NYOJ 1012 RMQ with Shifts （线段树）

题目链接

• In the traditional RMQ (Range Minimum Query) problem, we have a static array A. Then for each query (L, R)(L \leR), we report the minimum value among A[L], A[L + 1], ..., A[R]. Note that the indices start from 1, i.e. the left-most element is A[1].
  
  In this problem, the array A is no longer static: we need to support another operation
  
  shift(i1, i2, i3,..., ik)(i1 < i2 < ... < ik, k > 1)
  
  we do a left ``circular shift" of A[i1], A[i2], ..., A[ik].
  
  For example, if A={6, 2, 4, 8, 5, 1, 4}, then shift(2, 4, 5, 7) yields {6, 8, 4, 5, 4, 1, 2}. After that,shift(1, 2) yields 8, 6, 4, 5, 4, 1, 2.
  
  输入
  
  There will be only one test case, beginning with two integers n, q ( 1<=n<=100, 000, 1<=q<=250, 000), the number of integers in array A, and the number of operations. The next line contains n positive integers not greater than 100,000, the initial elements in array A. Each of the next q lines contains an operation. Each operation is formatted as a string having no more than 100 characters, with no space characters inside. All operations are guaranteed to be valid.
  
  输出
  
  For each query, print the minimum value (rather than index) in the requested range.
  
  样例输入
  
  7 5
  
  6 2 4 8 5 1 4
  
  query(3,7)
  
  shift(2,4,5,7)
  
  query(1,4)
  
  shift(1,2)
  
  query(2,2)
  
  样例输出
  
  1
  
  4
  
  6

分析：

对于一个下标从1到n的序列，主要有两种操作，一种是query(查询)某个区间内的最小值，另一种是shift(循环左移一位)就是将这些下标对应的值循环向左移动一位，当然第一位的值会移动到最后一位。
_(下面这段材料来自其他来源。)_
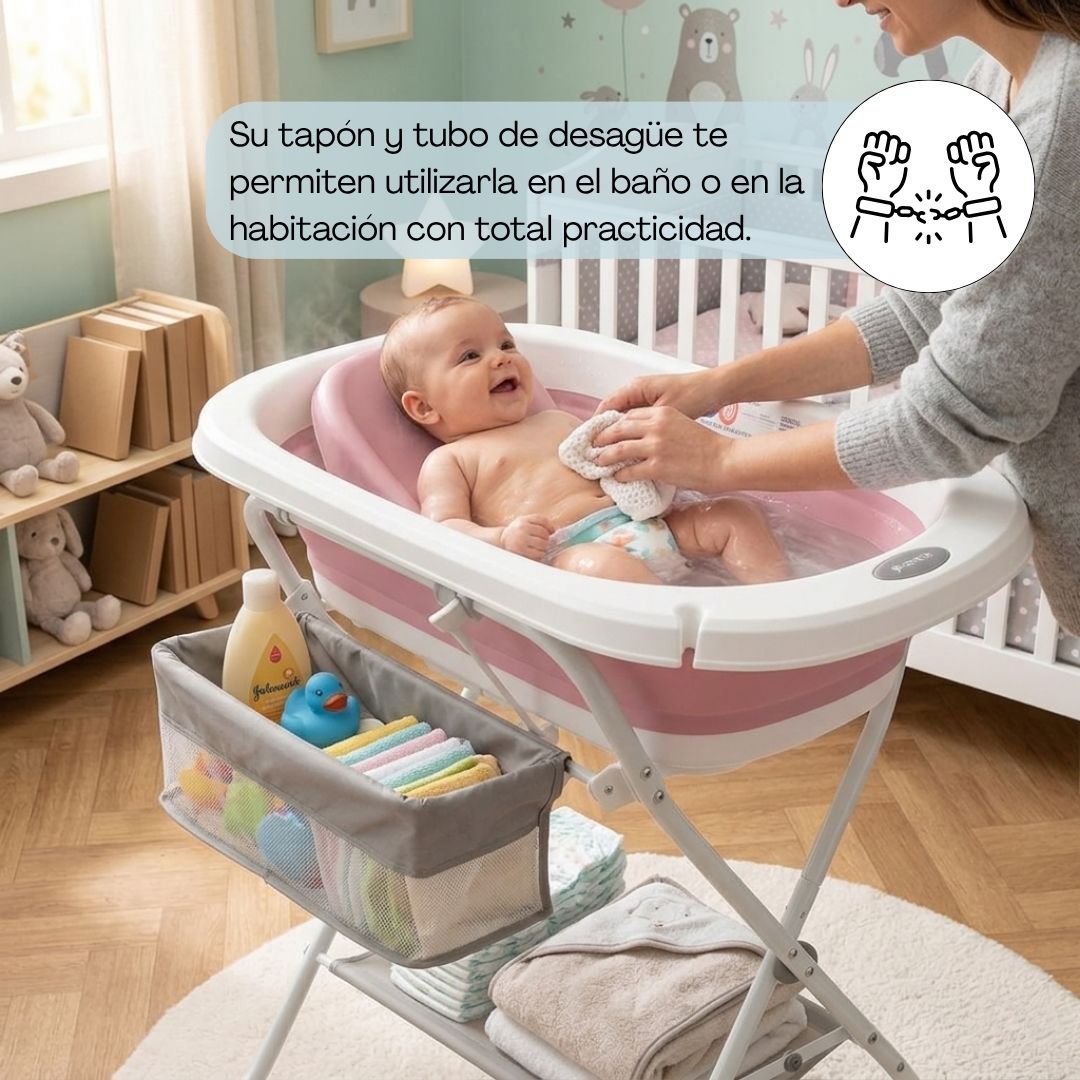 Bathby Bañera Plegable Para Bebé Con Soporte De Patas Antideslizantes (rosa)_2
我们首先肯定是将前一位的值更改为后一位，但是在更改最后一位的时候第一位的值已经改变了，所以应该将第一位的值提前存储下来。

代码：

#include<stdio.h>
#include<string.h>
#include<iostream>
#include<algorithm>
#include<stack>
#include<math.h>
using namespace std;
int a[100009];
struct Node
{
    int left;///左区间
    int right;///右区间
    int num;///该区间内的最小值
} node[400009];

void build(int root,int le,int ri)
{

    node[root].left=le;
    node[root].right=ri;
    if(le==ri)///左区间与右区间相等，相当于找到了某个特定的值
    {
        node[root].num=a[le];
        return ;
    }
    int mid=(le+ri)/2;
    build(root*2,le,mid);
    build(root*2+1,mid+1,ri);
    node[root].num=min(node[root*2].num,node[root*2+1].num);
}

void Update(int root,int n1,int n2)
{

    if(node[root].left==n1&&node[root].right==n1)///先找到这个数字，然后把这个值更新了
    {
        node[root].num=n2;
        return;
    }
    if(n1<=node[root*2].right)///该节点在左子树中
        Update(root*2,n1,n2);
    else if(n1>=node[root*2+1].left)///节点在右子树中
        Update(root*2+1,n1,n2);
    node[root].num=min(node[root*2].num,node[root*2+1].num);///取左右子树的较小值
}

int Query(int root,int le,int ri)
{
    if(node[root].left==le&&node[root].right==ri)///找到特定的区间，返回值
    {
        return node[root].num;
    }
    else if(node[root*2].right>=ri)///区间在左子树中
    {
        return  Query(root*2,le,ri);
    }
    else if(node[root*2+1].left<=le)///区间在右子树中
    {
        return Query(root*2+1,le,ri);
    }
    else
    {
        int mid=(node[root].left+node[root].right)/2;///左右子树中都有
        int num1=Query(root*2,le,mid);
        int num2=Query(root*2+1,mid+1,ri);
        return min(num1,num2);
    }
}

int main()
{
    //freopen("1.txt","r",stdin);
    int n,m;
    scanf("%d%d",&n,&m);
    for(int i=1; i<=n; i++)
        scanf("%d",&a[i]);
    char ch[109];
    build(1,1,n);
    while(m--)
    {
        int b[1000];
        int j=0;
        int sum=0;
        scanf(" %s",ch);
        for(int i=6; ch[i]!='\0'; i++)///将每个数字提取出来
        {
            if(ch[i]>='0'&&ch[i]<='9')
            {
                sum=sum*10+ch[i]-'0';
            }
            else
            {
                if(ch[i]==','||ch[i]==')')
                {
                    b[j++]=sum;
                    sum=0;
                }
            }
        }
        if(ch[0]=='q')
        {
            printf("%d\n",Query(1,b[0],b[1]));
        }
        else
        {
            int NUM=a[b[0]];///把第一位保存下来
            for(int i=0; i<j-1; i++)///先把a数组更新了，再把树进行更新
                a[b[i]]=a[b[i+1]];
            a[b[j-1]]=NUM;
            for(int i=0; i<j-1; i++)
            {
                Update(1,b[i],a[b[i]]);
            }
            Update(1,b[j-1],NUM);
        }
    }
    return 0;
}